Filipppo Bozotti is my project partner for Tribewanted Sierra Leone. Last week he was back at John Obey:
As we are gearing up for the launch of Tribewanted on October 1st, I found myself once again at John Obey beach, this time in the rainy season.
Its only June 24th but the rain is already coming down hard, every day, most of the day. It is difficult to work or travel, as most roads leading out of Freetown are blocked by gushing waters.
It was impossible to sleep in a tent at John Obey, but thankfully I was hosted at the nearby community of River Number 2 by our local Tribe managers, Daniel Macauley and James Kanu.
We had a final official meeting with the chief of John Obey, Hasan Marah and the entire community to hire the local staff. They have asked for the equivalent of $1,500 in monthly salaries for a team of 20-25 staff members and an additional $500 in goodwill to the community, to which we have agreed. A salary of $65/month is twice the national average. Our initial projects in the community will be a fresh water well for the school and toilets for the fisherman community neighboring Tribewanted on the beach. We will also purchase fresh fish, food and vegetables from the community on a daily basis.
We have planted 40 new palm trees, 40 coconut trees and 40 pineapples, which will hopefully flourish during the rainy seasons
The local beach boys have recently digged a canal in the sand from the overflowing lagoon into the ocean, so the water level of the lagoon is very low currently, and I was able to see how much plastic debris the flowing waters bring and how much cleanup we have ahead of us.
I met with various fresh water well engineers and our best option is to use an electric submersive pump (which we have to ship from the US) to fill a 10.000-liter tank. Rather than hiring an expensive NGO to build the well, we will hire one expert and various local staff.

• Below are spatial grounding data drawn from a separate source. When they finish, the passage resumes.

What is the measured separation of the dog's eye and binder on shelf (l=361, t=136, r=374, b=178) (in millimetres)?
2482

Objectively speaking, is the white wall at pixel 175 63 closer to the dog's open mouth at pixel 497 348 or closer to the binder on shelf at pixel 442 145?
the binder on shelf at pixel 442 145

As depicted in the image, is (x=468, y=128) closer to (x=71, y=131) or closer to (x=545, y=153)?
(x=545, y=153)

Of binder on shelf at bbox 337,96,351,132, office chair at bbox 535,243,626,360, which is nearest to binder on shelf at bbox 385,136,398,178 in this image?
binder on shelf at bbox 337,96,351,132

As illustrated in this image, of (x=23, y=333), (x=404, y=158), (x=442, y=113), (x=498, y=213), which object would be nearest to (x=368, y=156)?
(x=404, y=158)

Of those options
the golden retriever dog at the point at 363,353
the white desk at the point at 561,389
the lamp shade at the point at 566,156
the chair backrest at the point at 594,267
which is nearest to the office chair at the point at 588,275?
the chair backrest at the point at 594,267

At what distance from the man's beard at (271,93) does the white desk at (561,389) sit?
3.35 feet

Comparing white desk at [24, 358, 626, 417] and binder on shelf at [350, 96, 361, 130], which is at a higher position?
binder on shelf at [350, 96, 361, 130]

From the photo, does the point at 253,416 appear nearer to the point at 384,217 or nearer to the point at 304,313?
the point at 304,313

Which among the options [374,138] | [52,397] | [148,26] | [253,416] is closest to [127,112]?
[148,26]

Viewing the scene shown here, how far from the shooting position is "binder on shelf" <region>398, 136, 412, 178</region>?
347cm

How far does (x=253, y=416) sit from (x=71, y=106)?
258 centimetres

Our second water tank will be used to catch rainwater and filter it for drinking water. I wish we had it installed already considering how much rain there is… There is no recycling of any sort in Sierra Leone so hundreds of water bottles cannot be an option at Tribewanted John Obey.
Under intensive rain we managed to begin our environmental impact assessment and feasibility study. Soon we will know the quality of the soil, the quality of the fresh water and the quality of the ocean water, which will help us decide where to build our well, our composting toilets and where to grow our crops.
I also visited the new private clinic of Lion for Lion health center, funded by a German doctor, which recently opened at Kissy village, neighboring John Obey. Everything is brand new and they offer all that we need for emergency aid; they even give out free mosquito nets and malaria pills. I’m very much relieved that we have such a good clinic only 5 minutes away.
The government is being very supportive of our project and we will soon begin a local marketing and PR campaign in Sierra Leone, hoping to target local tourists as well.
Needless to say, I’ve been soaked for a week and we had to cancel our weekend trip to Turtle Islands, 3 hours away by boat, which I yet have to visit.
Due to the rains, it will be difficult to do any work in July and August, but I look forward to returning in early September to begin our new life on John Obey beach when it will be a lot drier!